Formulation:

PROP_DESIGN does not rely upon momentum theory, Theodorsen's theory of propellers, or the Betz condition. PROP_DESIGN has no light loading limitations either. Therefore, PROP_DESIGN can easily calculate the static condition. PROP_DESIGN utilizes a novel implementation of lifting-line theory (a.k.a. vortex theory). The formulation is purely analytical with a few exceptions. Empirical data was used to create the airfoil, atmospheric, and stall models. The empirical data, utilized by PROP_DESIGN, is freely available online. Reputable sources were referenced:

  • Airfoil Model; NACA (Predecessor of NASA)
  • Atmospheric Model; United States Committee on Extension to the Standard Atmosphere (COESA)
  • Stall Model; Sandia National Laboratories

You can use your own airfoil and stall models, if desired. You will have to edit and re-compile the Fortran 77 source code, in order to do so, however. Editing the airfoil and stall models is not too difficult, as the source code is very clean. The portions which define the airfoil and stall models only consist of a few lines of code.

Using your own airfoil and stall models will require wind tunnel testing and/or 2D CFD. You need to know Cl, Cd, and Cm (i.e. lift, drag, and pitching moment coefficients) for angles of attack of 0 to 90 degrees. These coefficients must be calculated for Mach numbers of .1 to 1.3 and a wide range of Reynolds numbers.

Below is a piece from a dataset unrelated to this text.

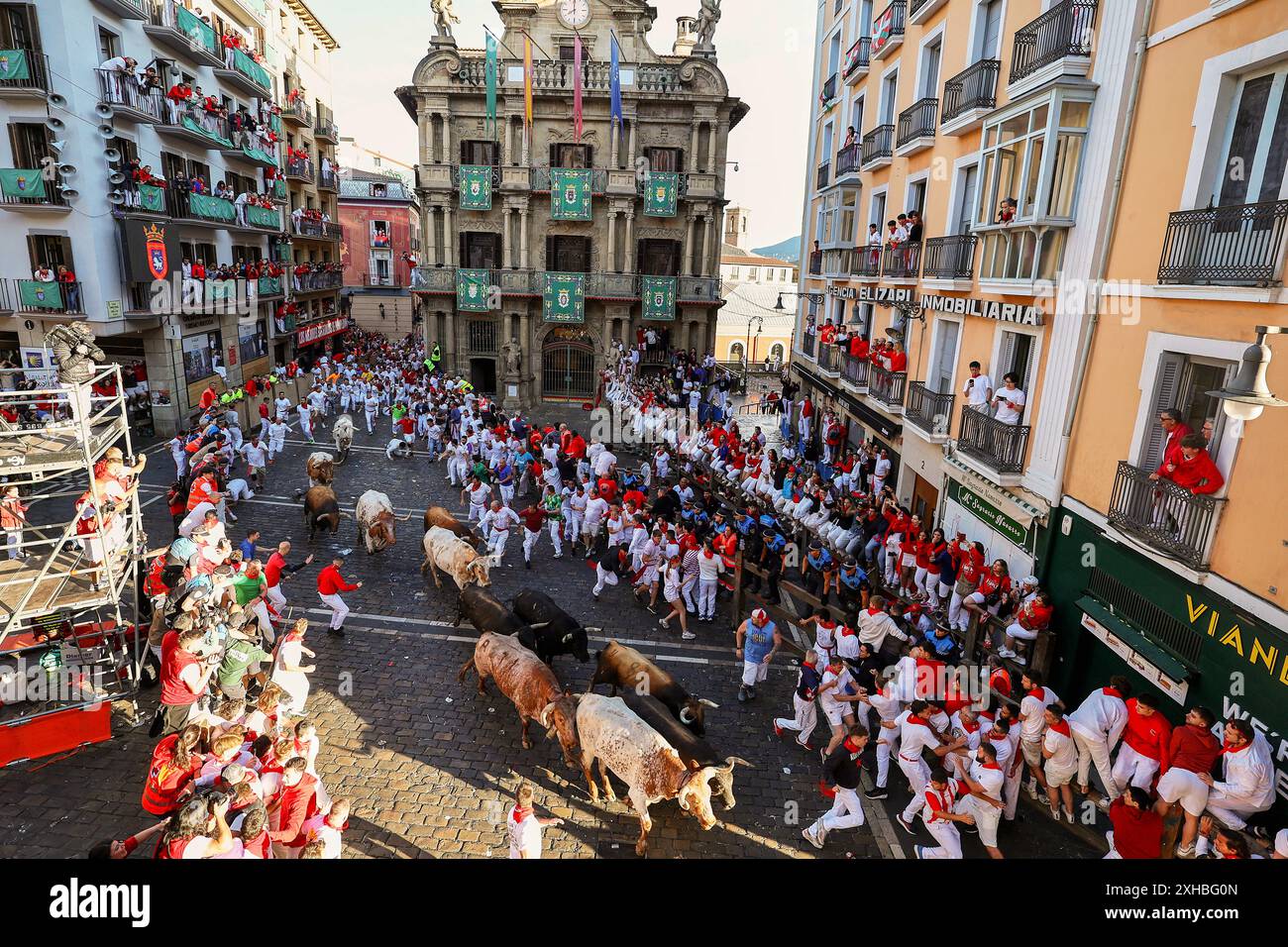 July 7, 2024, Pamplona, Spain: Several runners run in front of the bulls through the streets of Pamplona during the first running of the bulls at the San FermÃ-n 2024 festivities, led by La Palmosilla Sancho. The Pamplona bull run is a tradition with medieval origins. The run takes place early in the morning, before the bull fights. Hundreds of daredevils wearing white shirts and red scarves race six bulls through the streets of the city. The event was immortalised by writer Ernest Hemingway in his 1926 book ''The Sun Also Rises''. Pamplona's festival of San FermÃ-n is a week-long celebration Stock Photo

Traditional airfoil analysis programs are not capable of accurately determining this information.

PROP_DESIGN executes quickly, and requires little computational resources, because it does not attempt to solve the Euler, Navier-Stokes, or Boltzmann equations. Rather, the Biot-Savart law and the Kutta-Joukowski theorem are utilized to iterate upon induced angle of attack and circulation. As of May 21, 2013, PROP_DESIGN includes the affect of wake contraction. The affect is very small but included for completeness.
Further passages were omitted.